My tractor has two hooks on the bucket. I wrap a chain around saplings I want pulled, and yank them out, roots and all. That doesn't necessarily eliminate them, though. Alas, before we got bees, we yanked up a bunch of black locusts, which we now regret.

I really do suggest you get the soil tested. In Virginia, VA Tech does it for about $25. You can send it off yourself, or maybe get some help from a Master Gardener group associated with your agricultural extension office. I'm married to one of those. Without a soil test, you're shooting blind when it comes to picking future garden crops. 

Remediation, if needed, of two acres is likely to be pretty inexpensive. In our case, a couple of bags of lime and some high P & K fertilizer did the trick. But you need test results and a good idea of what you will plant to know what to put down.


----------



## Dan P (Oct 29, 2014)

I agree clovers dutch or some other white flower type. Clover is not very picky on soil type. That I have noticed.


----------



## jbraun (Nov 13, 2013)

Tuck your pants into your socks for ticks. This also works for chiggers if you have them in your area.


----------



## njtool (Jan 28, 2017)

We don't have chiggers but we do have deep ticks and lyme disease. I am in the woods a lot and the ticks hang on to clothing and find there way to skin unless you strip down and shower immediately. And I have 3 kids that are 12, 14, and 16. They don't understand the seriousness of tick born diseases and they brush off the safety precautions to easily. 

If I plant low growing flowers, then I can get chickens to help keep clear the ticks... I hope


----------



## Rader Sidetrack (Nov 30, 2011)

If you have brush that you are concerned may resprout from the cut stump, brushing some glyphosate onto the freshly cut stump will prevent resprouting, in my experience. For this purpose, I use undiluted glyphosate (41%) and a suitable paint brush.

Larger landowners than I may use more sophisticated applicators than a _paintbrush_ - see page 26 of this PDF:
http://ucanr.edu/sites/csnce/files/57600.pdf
... but a simple brush works at the scale I am at. 
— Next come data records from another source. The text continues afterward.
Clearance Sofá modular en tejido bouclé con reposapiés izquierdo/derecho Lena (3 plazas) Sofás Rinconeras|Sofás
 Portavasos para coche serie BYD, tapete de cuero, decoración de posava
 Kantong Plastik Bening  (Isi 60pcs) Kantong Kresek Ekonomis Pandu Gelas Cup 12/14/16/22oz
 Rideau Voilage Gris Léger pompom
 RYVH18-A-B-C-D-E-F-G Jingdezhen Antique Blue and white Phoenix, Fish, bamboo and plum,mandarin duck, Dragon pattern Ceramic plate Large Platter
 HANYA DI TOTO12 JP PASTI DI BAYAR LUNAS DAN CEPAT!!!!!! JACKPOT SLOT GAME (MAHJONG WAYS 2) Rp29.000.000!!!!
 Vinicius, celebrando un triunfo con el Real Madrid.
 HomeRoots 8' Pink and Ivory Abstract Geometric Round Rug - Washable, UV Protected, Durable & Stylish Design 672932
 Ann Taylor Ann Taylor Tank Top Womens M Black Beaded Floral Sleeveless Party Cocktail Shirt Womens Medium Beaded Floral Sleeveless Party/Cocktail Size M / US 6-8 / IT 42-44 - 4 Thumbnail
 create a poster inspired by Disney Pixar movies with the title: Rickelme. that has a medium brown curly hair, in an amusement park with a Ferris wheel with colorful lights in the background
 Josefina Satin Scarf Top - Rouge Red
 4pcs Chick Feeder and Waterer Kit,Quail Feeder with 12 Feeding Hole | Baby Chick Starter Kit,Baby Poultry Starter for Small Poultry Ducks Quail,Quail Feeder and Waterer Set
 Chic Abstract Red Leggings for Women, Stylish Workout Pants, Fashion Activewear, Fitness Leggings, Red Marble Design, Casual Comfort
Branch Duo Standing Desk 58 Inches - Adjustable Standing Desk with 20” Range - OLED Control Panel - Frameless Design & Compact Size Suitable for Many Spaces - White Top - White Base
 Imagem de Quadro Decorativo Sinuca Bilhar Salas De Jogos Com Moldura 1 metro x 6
I have seen occasional references to a lopper that also has some kind of wiper on the blade to apply herbicide at the same time as the actual cutting, but I have not seen such a tool or figured out where I might acquire one.


----------



## tech.35058 (Jul 29, 2013)

njtool said:


> , then I can get chickens to help keep clear the ticks... I hope


I am told that Guineafowl will do a number on ticks, raise the alarm when strangers drive up, & roost high enough to survive the foxes.
I just haven't heard of them as traditional Sunday dinner 
As to plants, I would try for something that comes into season when the neighboring areas are in dearth ... plenty of good suggestions already made.
I like buckwheat for shading out weeds, but as noted, it needs water. Good Luck ... CE


----------



## johno (Dec 4, 2011)

Ya well there was this arborist who gave a talk and mentioned that you could gain 200lbs of honey from an acre of clover and 1200lbs of honey from an acre of trees, I am planting autumn olives and Russian olives and also bb trees. Go figure.
Johno


----------



## njtool (Jan 28, 2017)

I have read about glyphosate to kill the tree, but I am going to try to dig up the roots with my backhoe and see if they grow back. I might have to stay on top of the regrowth and dig or kill the new shoots. Im hoping that I don't have to resort to chemicals.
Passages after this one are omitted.